Intel Pentium III 1.2GHz 0.13-micron Tualatin: The Celeron of the Future

More than just a die shrink

The 0.13-micron Pentium III has specs that are virtually identical to the 0.18-micron Coppermine based Pentium IIIs.  They both have the same amount of cache (32KB L1, 256KB L2) and run off of the 133MHz FSB.  There are a couple of changes that were made to the Tualatin core that set it apart from the Coppermine it is replacing.

On the compatibility side, the Tualatin requires a new chipset because of its use of a lower voltage clocking specification.  Since the release of the Pentium Pro, all Intel P6 processors have used Gunning Transceiver Logic+ (GTL+) technology for their FSB.  The GTL+ implementation actually changed slightly from the Pentium Pro to the Pentium II/III, and thus the latter implement what is known as the Assisted Gunning Transceiver Logic+ (AGTL+) bus.  Both of these FSBs use 1.5V signaling; however, the Tualatin uses a lower voltage bus that runs at 1.25V.  More specifically, the Tualatin uses AGTL signaling that unfortunately requires a new chipset with support for 1.25V AGTL signaling instead of 1.5V AGTL+ signaling.  The Tualatin also supports single-ended and differential bus clocking schemes (whereas the Coppermine Pentium III only used single-ended clocking).  It is unclear whether the current 1.13GHz and 1.2GHz Tualatins use single-ended or differential clocking, but the main purpose for using a differential bus clocking scheme is to reduce Electromagnetic Interference (EMI) associated with higher clock speeds.  The Pentium 4 also uses differential clocking. 

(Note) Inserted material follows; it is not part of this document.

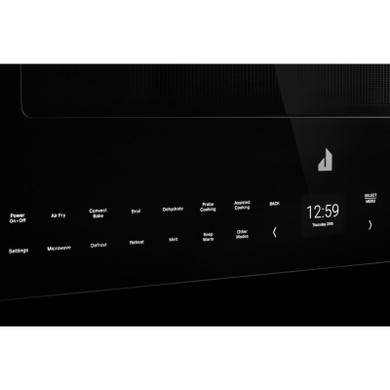 Jennair® NOIR™ 7-in-1 Flush, Built-in Microwave Oven YJOETC330SM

Because it is manufactured on a smaller process, the Tualatin requires much less power than the Coppermine core.  The VRM 8.4 specification that was used by the Coppermine unfortunately only provided support for voltages in 0.05V increments using four VID pins (VID0 – VID3).  In order to provide support for smaller voltage steppings, the Tualatin requires a new VRM specification, VRM 8.5 that adds two additional pins: VID25mv and VTT_PWRGD.  The VID25mv pin works in conjunction with the four original VID pins in order to allow for 0.025V voltage increments.  The VTT_PWRGD pin requires a 1.25V input; if either of these two pins isn’t properly connected then the system will not boot.  This means that the Tualatin Pentium IIIs will not work on current motherboards.  We will address motherboard/chipset issues later in the review.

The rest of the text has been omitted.